Defendants argue in the Motion that they never agreed to be bound in this action in their capacities as trustees of the Sandoval Quiel Revocable Living Trust dated July 15, 2022 (“Trust”), which is the legal owner of Defendants’ real property and servient tenement at issue in this case located at 3196 Serena Avenue, Carpinteria, CA 93013 (“Serena Property”).  On this basis, Defendants insist that the Court had no personal jurisdiction over the Trust and its trustees, and thus the Judgment is void as to the Trust and its trustees and should be set aside under CCP § 473(d).   

Defendants’ “smoke and mirrors” narrative runs contrary to what actually transpired during trial.  On the morning of the second day of trial, January 6, 2026, Plaintiff’s trial counsel approached Defendants’ trial counsel, Joseph A. LeVota, off the record in the Court hallway to propose a stipulation between the parties, whereby the Complaint and all pleadings filed in this case would be deemed amended to name Defendants in both their individual capacities and their capacities as trustees of the Trust in order to correct an oversight in the Complaint naming Defendants only in their individual capacities despite the fact that the Serena Property is owned by the Trust.  Plaintiff’s counsel explained to Mr. LeVota that it was in Defendants’ own best interest to agree to such a stipulation because if the jury reached a verdict in Defendants’ favor as individuals only, they could not enforce any resulting judgment against Plaintiff as individuals who did not own the Serena Property.  Mr. LeVota assured Plaintiff’s counsel that he would discuss the proposed stipulation with his clients and would provide a response as soon as possible.  During this entire conversation, Defendant Diana Sandoval was standing just a few feet away in the Court hallway.   

On January 8, 2026, having received no response from Mr. LeVota, Plaintiff’s counsel filed  

a Motion to Amend the Complaint to Conform to Proof, or Deem the Pleadings Amended for Purposes of Judgment and Injunctive Relief (“Motion to Amend”).  Request for Judicial Notice (“RJN”), Ex. A (Motion to Amend with POS).  As its Proof of Service reflects, on January 7, 2026, the Motion to Amend was served on Defendants through both their trial counsel, Mr. LeVota, and their non-trial counsel, Mr. Stephen Sanders.   

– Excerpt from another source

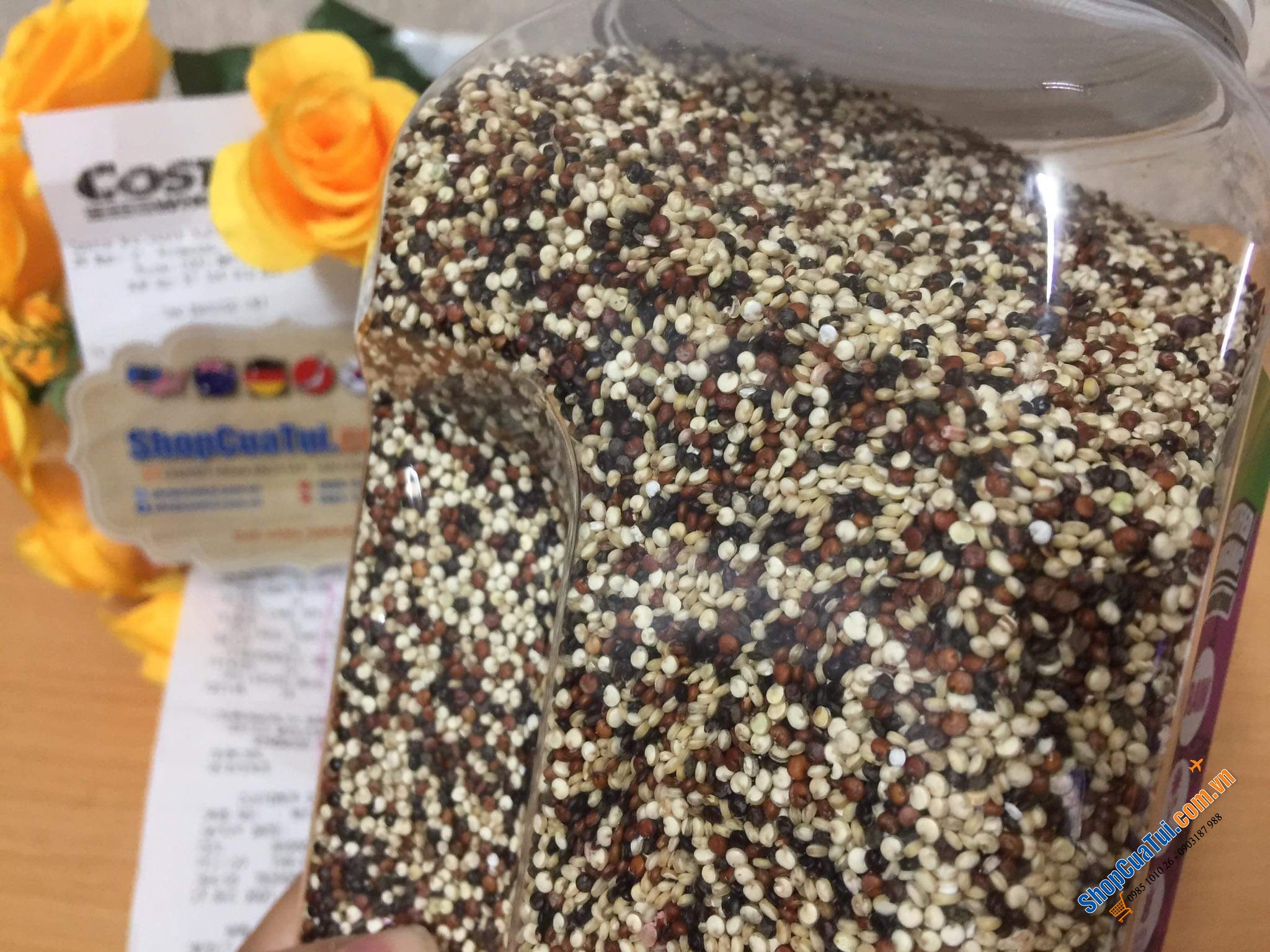 Hạt Diêm Mạch Hỗn Hợp Ba Màu Absolute Organic Tri-colour Quinoa 1,5 kg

On January 8, 2026, during an off-record sidebar conference in the presence of Plaintiff’s  

counsel, Judge Thomas P. Anderle asked Mr. LeVota whether his clients were planning on opposing the Motion to Amend.  Plaintiff’s counsel informed Judge Anderle of counsel’s prior discussion of a potential stipulation, and Mr. LeVota stated that Defendants would not be filing an opposition and would stipulate to the relief sought in the Motion to Amend.  Judge Anderle suggested and counsel agreed to enter into the stipulation on the record in the morning of the following trial day.  Defendant Diana Sandoval was present in the courtroom during this sidebar conference.  On January 9, 2026, as the trial record reflects, Judge Anderle referenced the prior day’s sidebar conference and Mr. LeVota’s stipulation consent, and the parties, through their trial counsel, stipulated that the Complaint and all pleadings filed in this case were deemed amended to bind Defendants in both their individual and trustee capacities (“Stipulation”).  After Plaintiff’s counsel read the Stipulation into the record, Mr. LeVota stated: “No objection, your Honor.”  The Court then granted the Stipulation and asked for an order.   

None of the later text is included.